The following table explains basic data lake terminology:

Term Description
Data lake Runs Ranger, which is used for configuring authorization. policies and is used for audit capture. Runs Hive Metastore, which is used for data schema.
Workload clusters The clusters that get attached to the data lake to run workloads. This is where you run workloads such as Hive via JDBC.

The following table explains the components of a data lake:

Component Technology Description
Schema Apache Hive Provides Hive schema (tables, views, and so on). If you have two or more workloads accessing the same Hive data, you need to share schema across these workloads.
Policy Apache Ranger Defines security policies around Hive schema. If you have two or more users accessing the same data, you need security policies to be consistently available and enforced.
Audit Apache Ranger Audits user access and captures data access activity for the workloads.
Directory LDAP/AD Provides an authentication source for users and a definition of groups for authorization.
Gateway Apache Knox Supports a single workload endpoint that can be protected with SSL and enabled for authentication to access to resources.
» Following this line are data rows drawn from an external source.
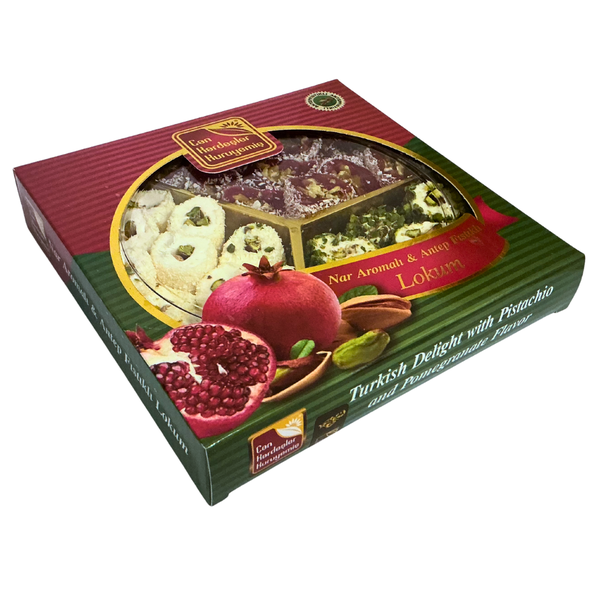 Can Kardesler Pomegranate &amp; Pistachio Luxury Turkish Delight 450g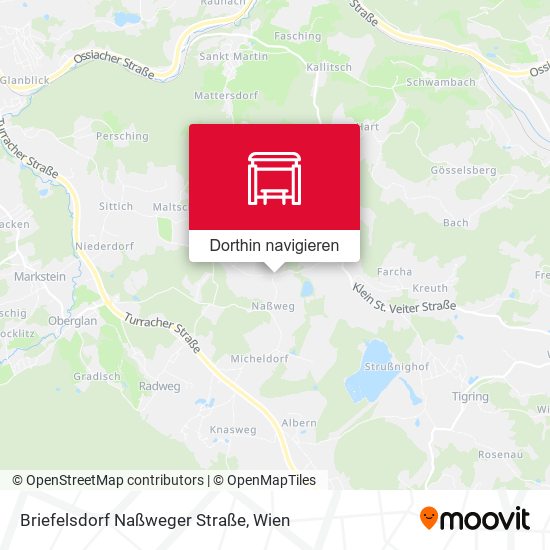 Briefelsdorf Naßweger Straße Karte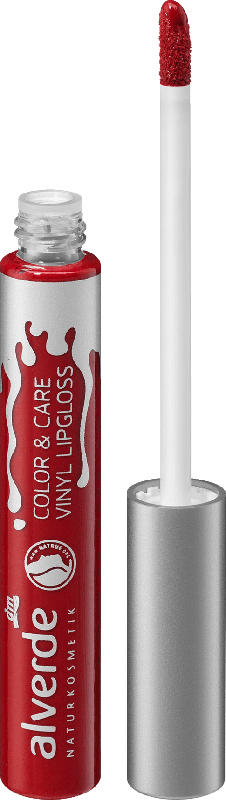 alverde NATURKOSMETIK Color & Care Vinyl Lipgloss 40 paradise red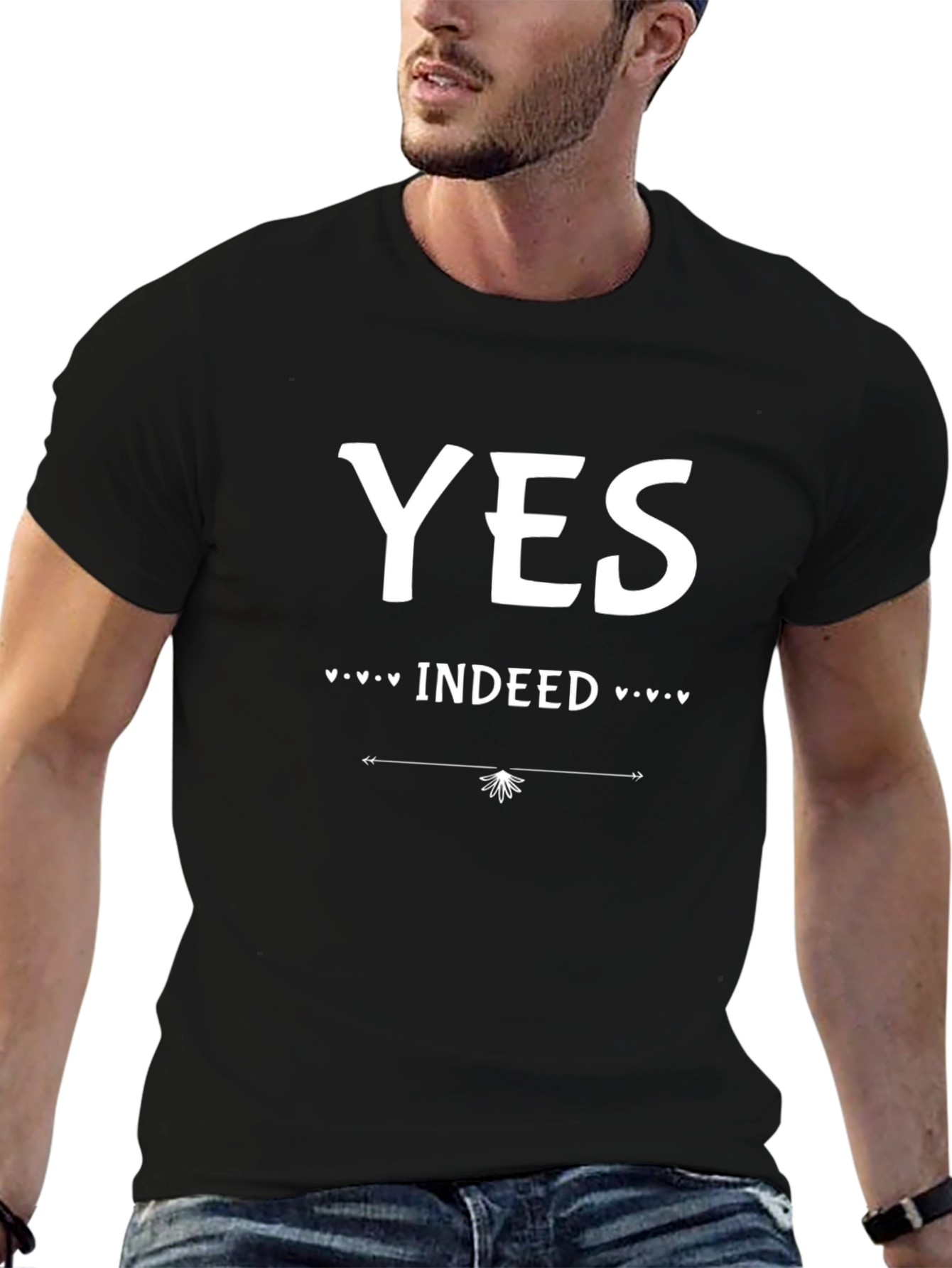 Yes Indeed Graphic T-Shirt - Casual Wear
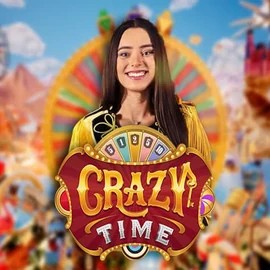 Live Casino logo of Crazy Time from Evolution at Paradise Play Casino
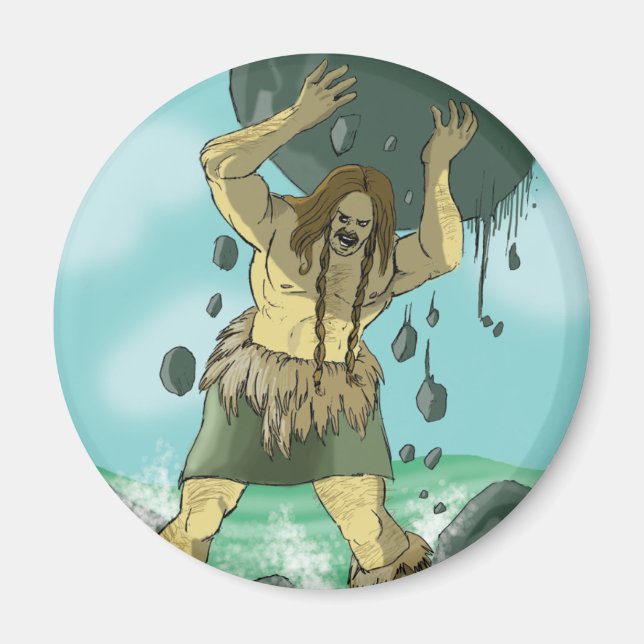 Íman A raiva da Imã de geladeira McCool (Frente)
Overview of data lake setup

Setting up a data lake involves the following steps:

Step Where to perform
Meet the prerequisites:
  • Create two external databases (one for Hive metastore and one for Ranger)
  • Create an external authentication source for LDAP/AD
  • Prepare a cloud storage location (depending on your cloud provider, this should be, on Amazon S3, Azure's ADLS or WASB, or GCS) for default Hive warehouse directory and Ranger audit logs)
You must create these resources on your own, outside of Cloudbreak. You may use one database instance and create two databases.
Register the two databases and LDAP In the Cloudbreak web UI > External Sources
Create a data lake In the Cloudbreak web UI > Create cluster
Create clusters attached to the data lake In the Cloudbreak web UI > Create cluster

Prerequisites

You must perform the following prerequisites outside of Cloudbreak:

  1. Set up two external database instances, one for the HIVE component, and one for the RANGER component. For supported databases, refer to Using an external database.
  2. Create an LDAP instance and set up your users inside the LDAP.
  3. Prepare a cloud storage location for default Hive warehouse directory and Ranger audit logs.
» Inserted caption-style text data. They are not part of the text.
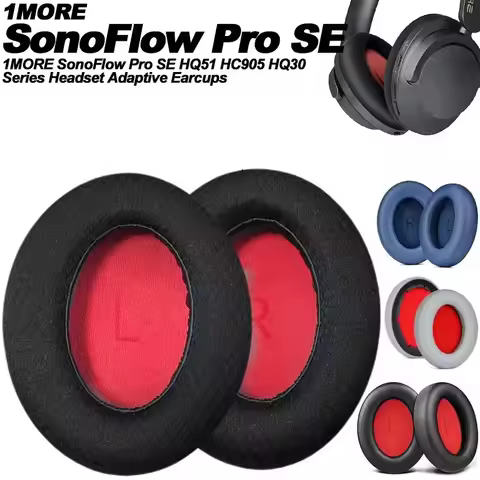 Replacement Ear Pads Head Beam For 1MORE SonoFlow Headphone Earphone Earmuff Earpads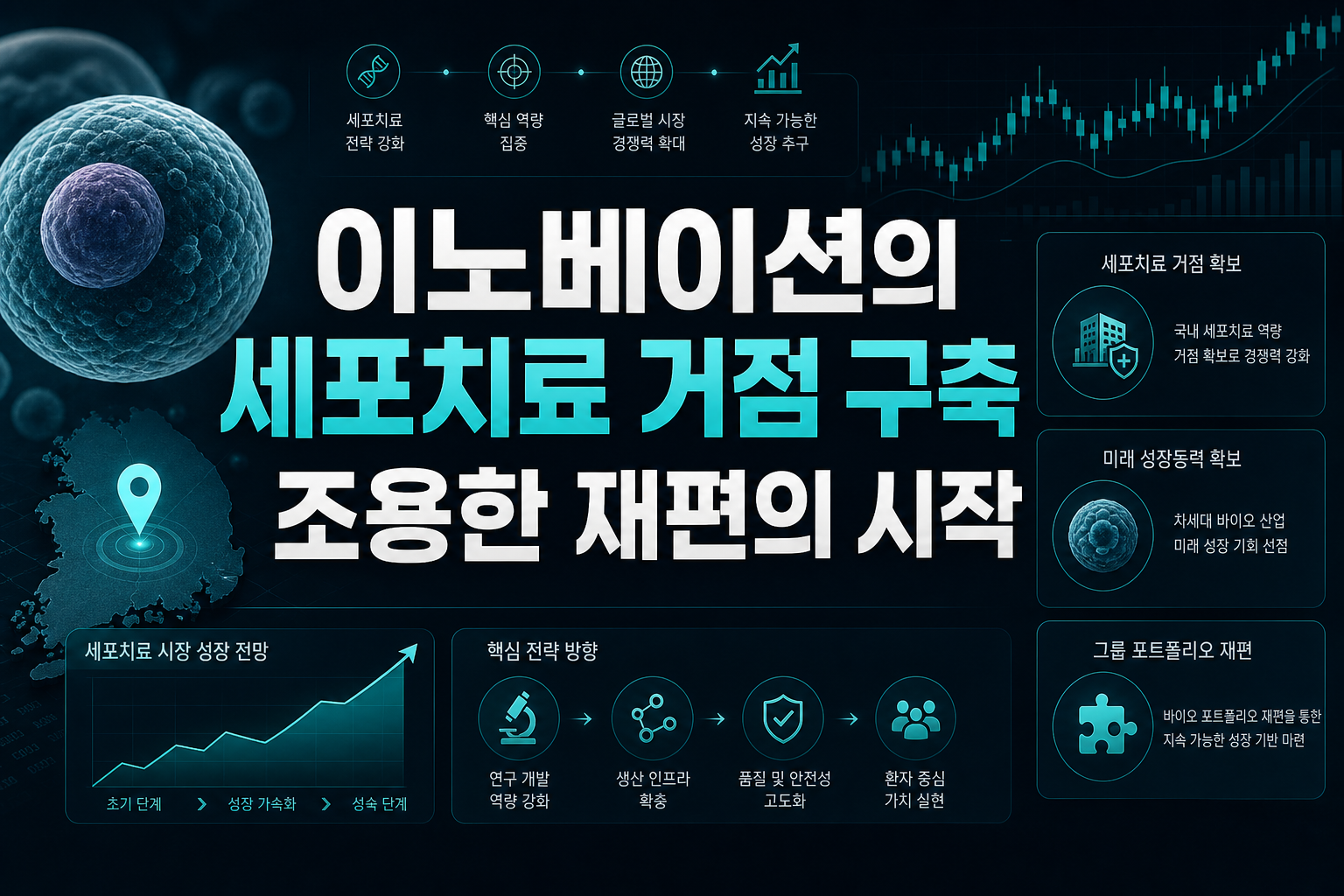 HLB이노베이션의 세포치료 거점 구축, 조용한 재편의 시작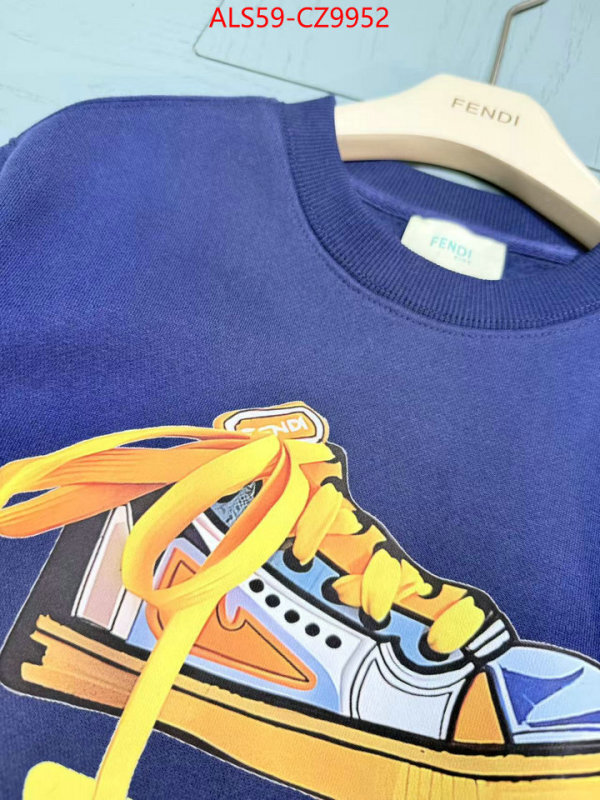 Kids clothing-Fendi designer 1:1 replica ID: CZ9952 $: 59USD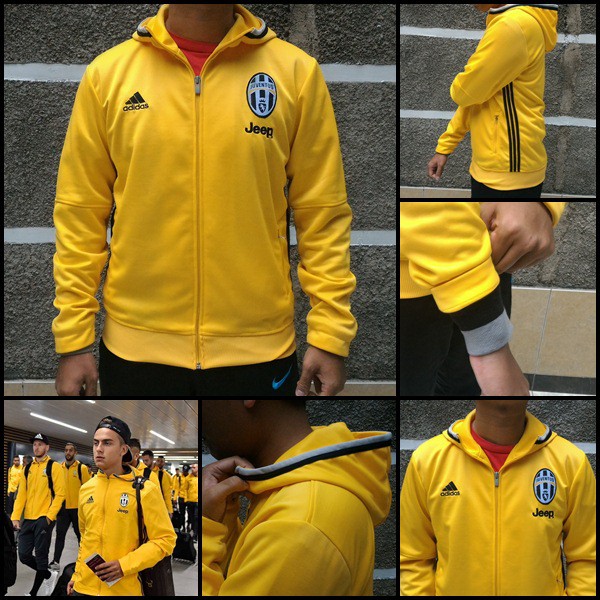 Jaket GO / Grade Ori JUVENTUS Prematch Yellow 2016/2017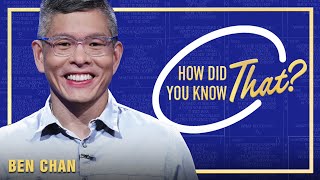 Ben Chan | How Did You Know That | JEOPARDY!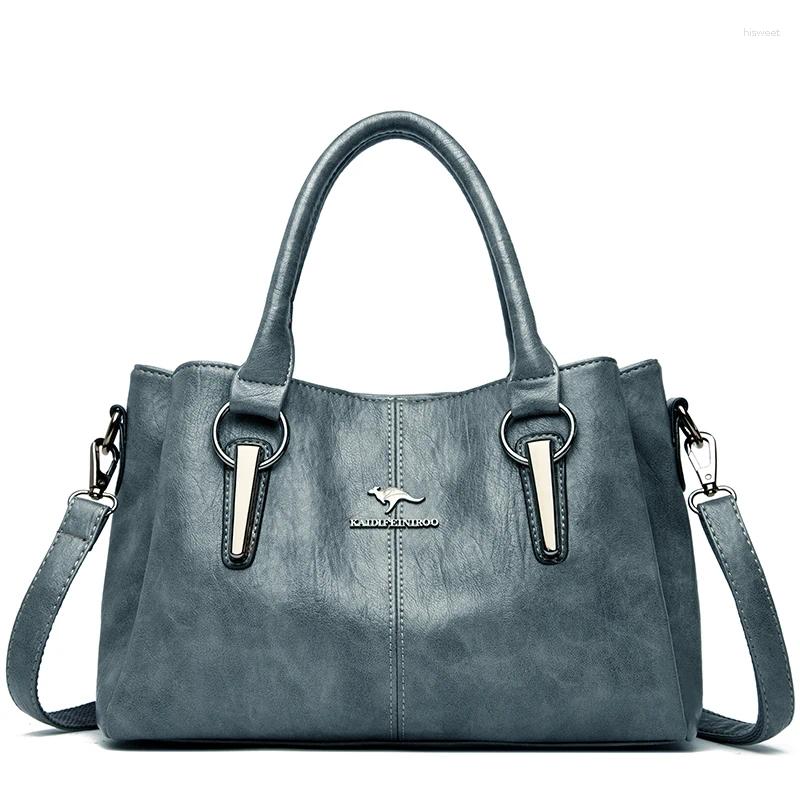 Totes High-quality Soft Leather Handbags Women Bags Designer High-capacity Ladies Crossbody Hand For 2024 Sac A Main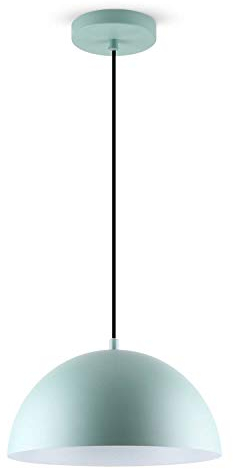 LED Universum Pendelleuchte Jada Mint Ø30cm x 125cm, E27 Fassung, max. 40W, Hängelampe, Hängeleuchte, Deckenlampe, Wohnzimmerleuchte, Kinderzimmerlampe, Metall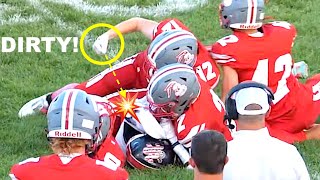 PUNCHED in the BACK after TACKLE during FOOTBALL GAME 🤜💥🏈 [upl. by Soble]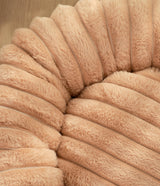 Grey Outer diameter 40cm Plush High-Weight Pet Bed - Cozy Velvet Cat & Dog Nest with Soft Cushion - Top-Down View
In the steps that follow, you will be required to provide the information related to these external resources.

Register the databases and LDAP in the Cloudbreak web UI

Prior to creating a data lake, you must register the following resources in the Cloudbreak web UI:

Steps

  1. Register each of your two RDS instances created as part of the prerequisites in the Cloudbreak web UI, under External Sources > Database Configurations. For instructions, refer Using an external database.

    • When registering the database for Hive, select Type > Hive.
    • When registering the database for Ranger, select Type > Ranger.
  2. Register your LDAP (created as part of the prerequisites) in the Cloudbreak web UI, under External Sources > Authentication Configurations. For instructions, refer to Register an authentication source.
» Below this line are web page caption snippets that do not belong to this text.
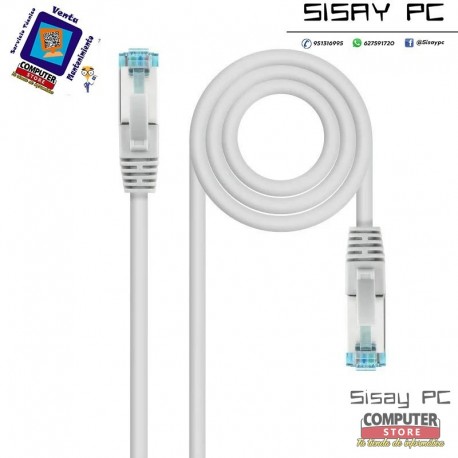 Cable de Red RJ45 SFTP Cat.7/ 20m/ Gris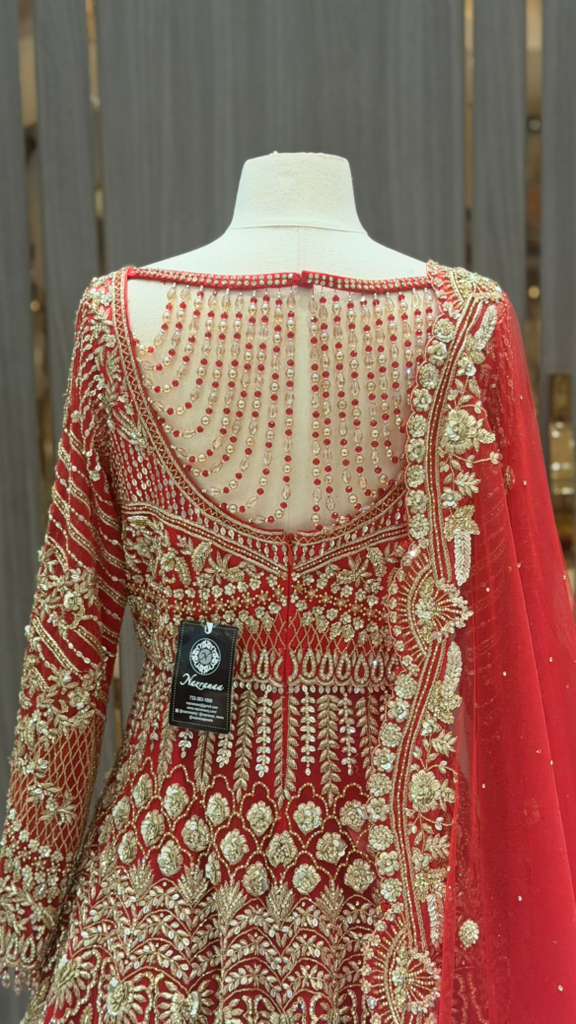 Red Bridal Lacha BL-024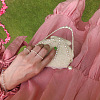 Natural Freshwater Pearl Beaded Stretch Rings for Women FS-WGC033C-01-3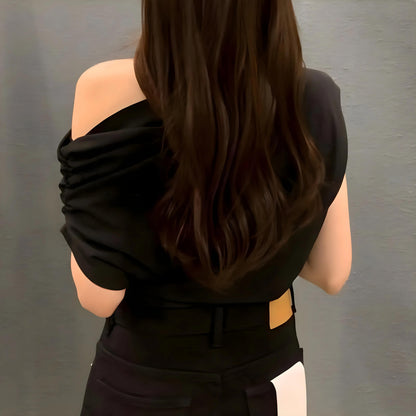 Lina Drape One-Shoulder T-Shirt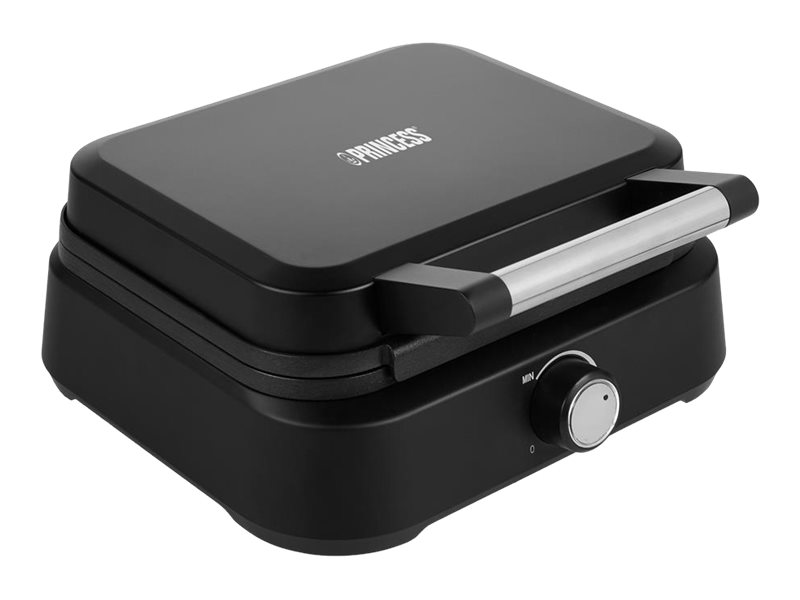 Princess 132398 Iron Deluxe - Vaffeljern - 1.5 Kw - Mat Sort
As an outcome of this step, you should have two external databases and one authentication source registered in the Cloudbreak web UI.

Create a data lake

Create a data lake by using the create cluster wizard. Among other information, make sure to provide the information listed in the steps below.

Steps

  1. Navigate to the advanced version of the create cluster wizard.
  2. On the General Configuration page:

    • Under Cluster Name, provide a name for your data lake.
    • Under Cluster Type, choose the DATA LAKE blueprint:

  3. On the Cloud Storage page:

    • Under Cloud Storage, configure access to cloud storage via the method available for your cloud provider.
    • Under Storage Locations, provide an existing location within your cloud storage account that can be used for Hive warehouse directory and Ranger audit logs.

    Note

    The storage location must exist prior to data lake provisioning. If the storage location does not exist then Ranger is installed properly, but it may not work.

  4. On the External Sources page, select the previously registered Ranger database, Hive database and LDAP:

  5. On the Gateway Configuration page, the gateway is enabled by default with Ambari exposed through the gateway. You should also enable Ranger by selecting the Ranger service and clicking Expose.

  6. On the Security page:

    • Under Password, provide a strong password for your cluster. For example “SomeRandomChars123!” is a strong password. A strong password is required for the default Ranger admin, which - among other cluster components like Ambari - will use this password.
    • Select an SSH key.
  7. Click CREATE CLUSTER to initiate data lake creation.

As an outcome of this step, you should have a running data lake.

Create attached HDP clusters

Once your data lake is running, you can start creating clusters attached to the data lake. Follow these general steps to create an cluster attached to a data lake.

In general, once you've selected the data lake that the cluster should be using, the cluster wizard should provide you with the cluster settings that should be used for the attached cluster.

Steps

  1. In the Cloudbreak web UI, click on the cluster tile representing your data lake.

  2. From the ACTIONS menu, select CREATE ATTACHED CLUSTER.

  3. In general, the cluster wizard should provide you with the cluster settings that should be used for the attached cluster. Still, make sure to do the following:

    • Under Region and Availability Zone, select the same location where your data lake is running.
    • Select one of the three default blueprints.
    • On the Cloud Storage page, enter the same cloud storage location that your data lake is using.
    • On the External Sources page, the LDAP, and Ranger and Hive databases that you attached to the data lake should be attached to your cluster.
    • On the Network page, select the same VPC and subnet where the data lake is running.
  4. Click on CREATE CLUSTER to initiate cluster creation.

As an outcome of this step, you should have a running cluster attached to the data lake. Access your attached clusters and run your workloads as normal.